• Your task
For this exercise, return only the lines in the records below from the one holding "Trzy nowe radiowozy" through the one holding "4 Bedroom Terraced", including both, exactly as they appear and without pictures.

++++++++++++++++++++

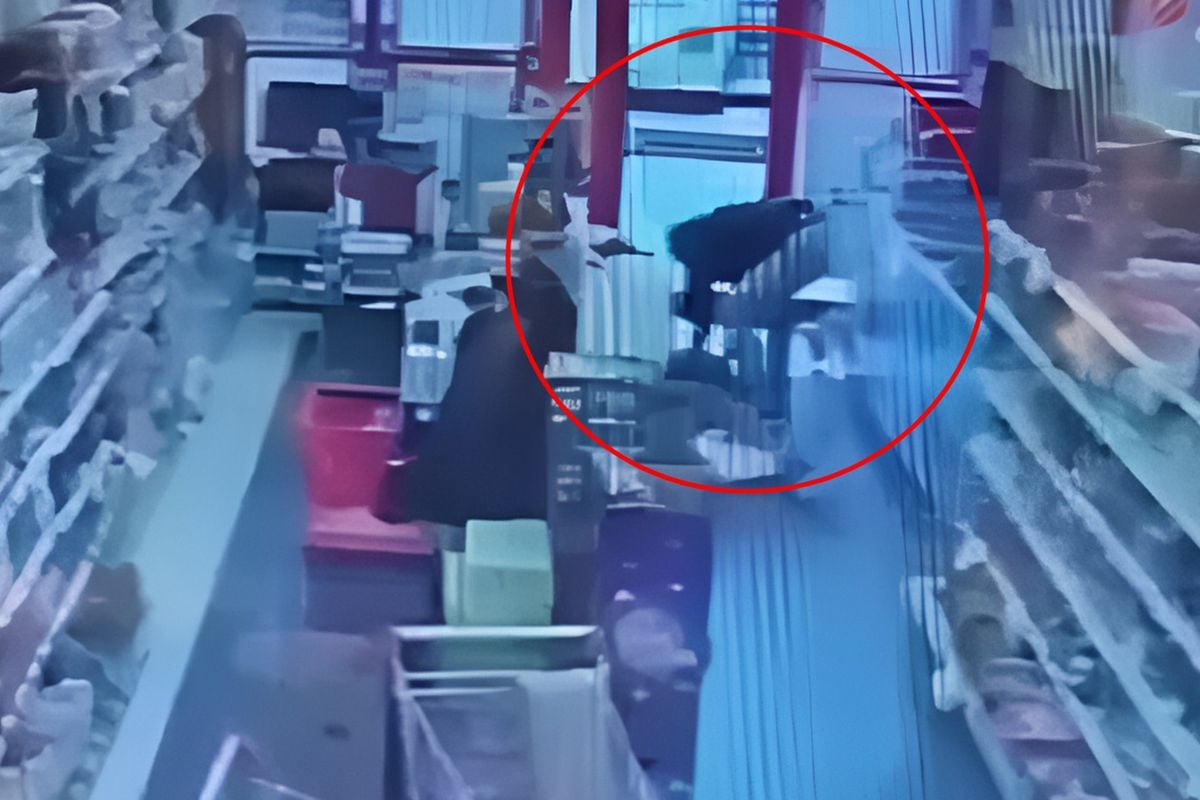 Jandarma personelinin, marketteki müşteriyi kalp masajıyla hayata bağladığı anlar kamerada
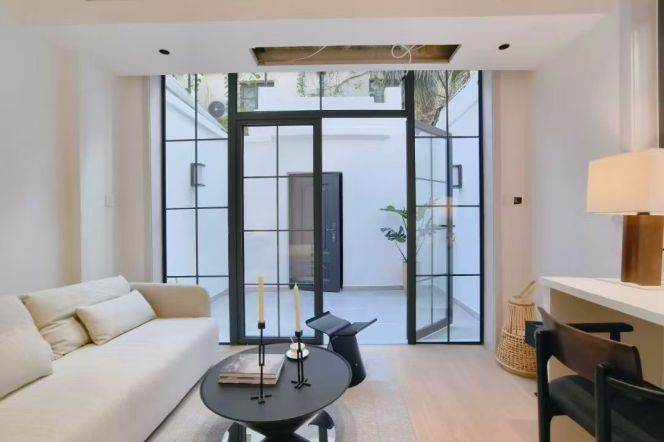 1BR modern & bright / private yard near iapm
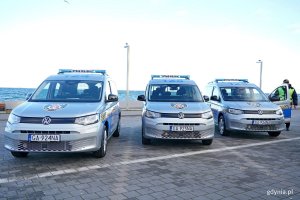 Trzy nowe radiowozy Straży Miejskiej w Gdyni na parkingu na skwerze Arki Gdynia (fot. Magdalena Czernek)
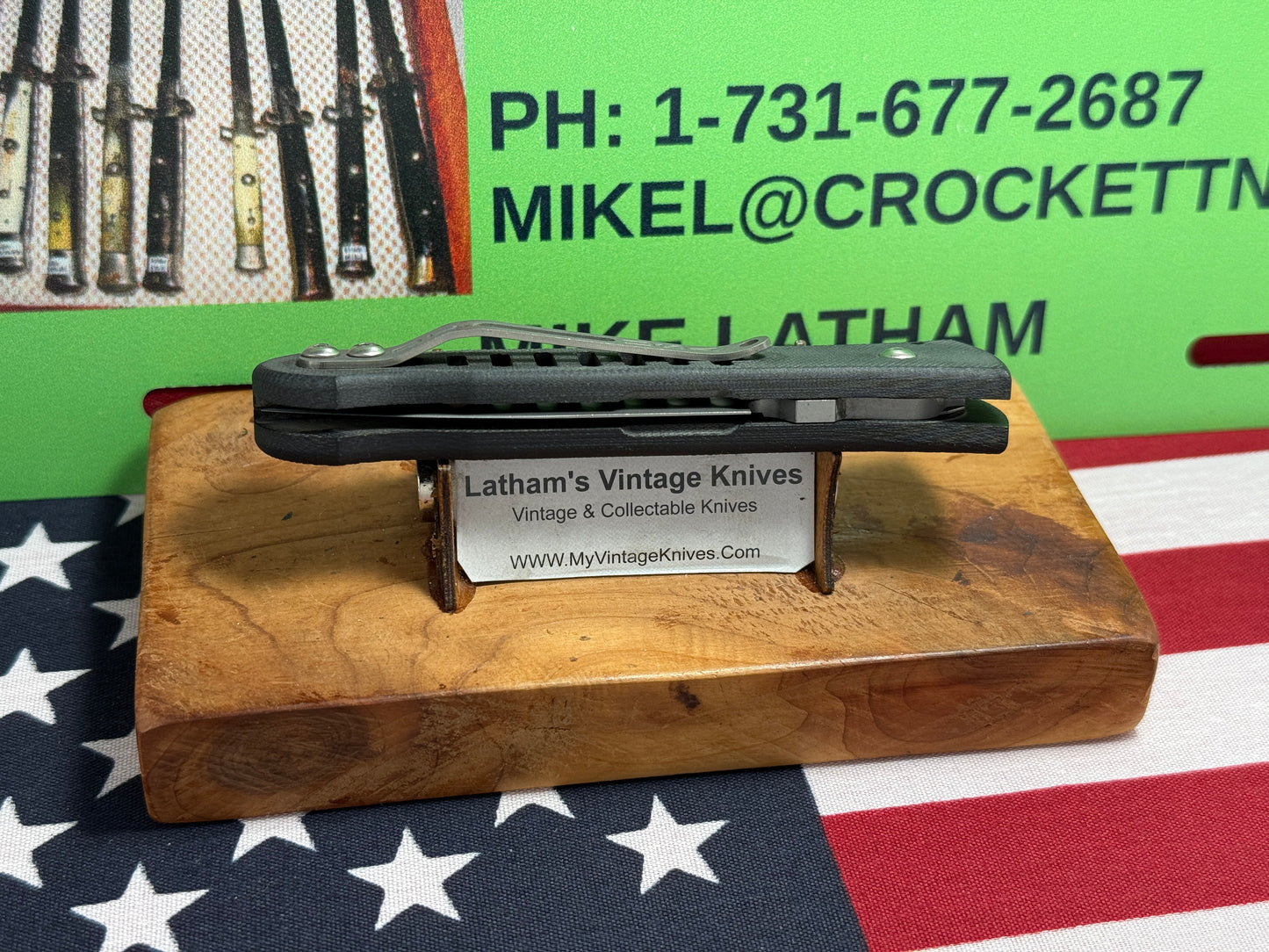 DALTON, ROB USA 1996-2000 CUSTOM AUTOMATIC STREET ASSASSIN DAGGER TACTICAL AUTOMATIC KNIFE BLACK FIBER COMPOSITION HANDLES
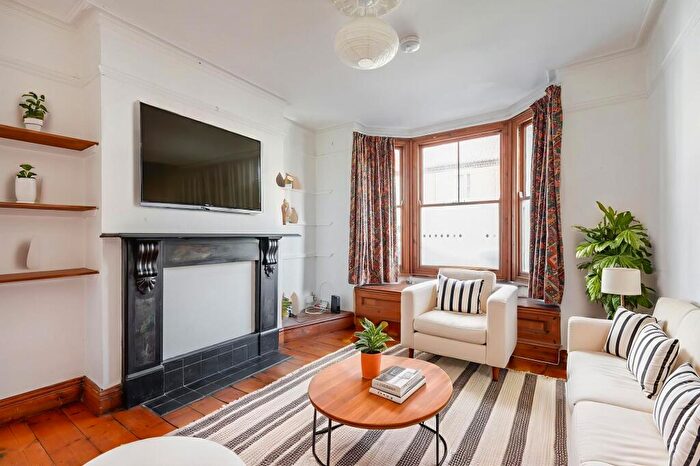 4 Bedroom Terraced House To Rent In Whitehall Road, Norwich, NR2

++++++++++++++++++++

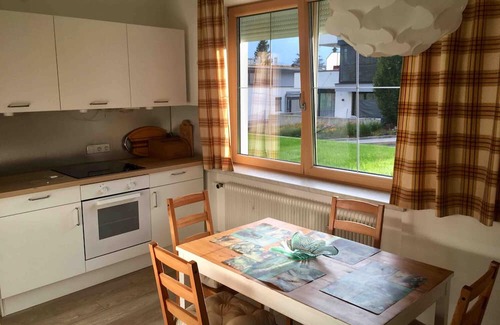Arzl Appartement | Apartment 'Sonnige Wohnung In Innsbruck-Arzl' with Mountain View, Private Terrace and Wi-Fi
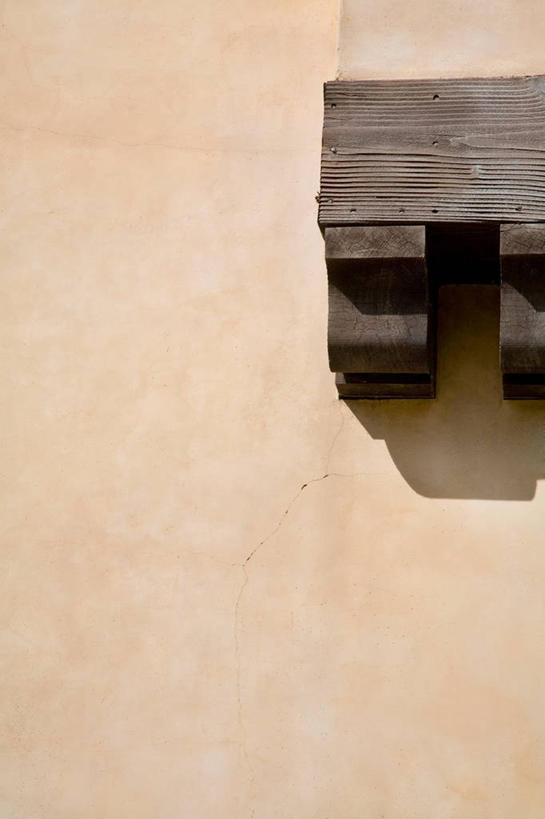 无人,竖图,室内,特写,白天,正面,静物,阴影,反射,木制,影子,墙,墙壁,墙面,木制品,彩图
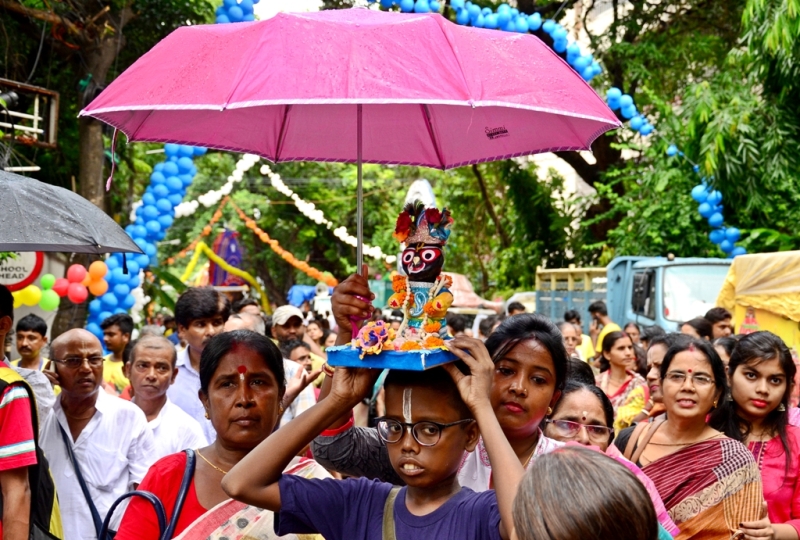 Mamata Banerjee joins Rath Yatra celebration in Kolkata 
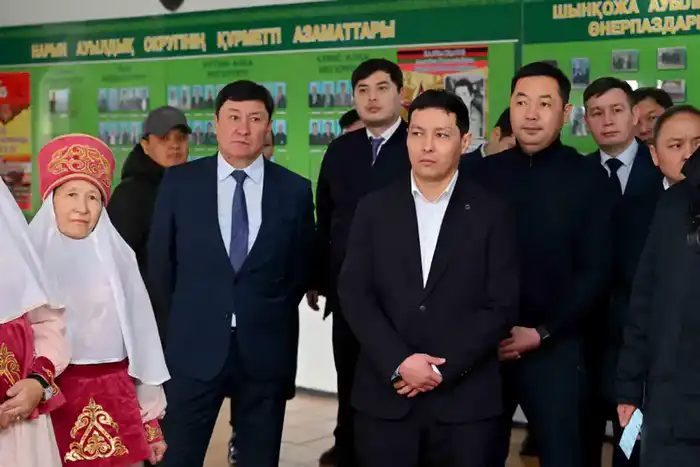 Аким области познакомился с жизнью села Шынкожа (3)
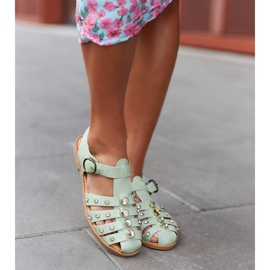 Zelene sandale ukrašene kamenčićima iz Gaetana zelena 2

++++++++++++++++++++

• Output
 Trzy nowe radiowozy Straży Miejskiej w Gdyni na parkingu na skwerze Arki Gdynia (fot. Magdalena Czernek)
 DALTON, ROB USA 1996-2000 CUSTOM AUTOMATIC STREET ASSASSIN DAGGER TACTICAL AUTOMATIC KNIFE BLACK FIBER COMPOSITION HANDLES
 4 Bedroom Terraced House To Rent In Whitehall Road, Norwich, NR2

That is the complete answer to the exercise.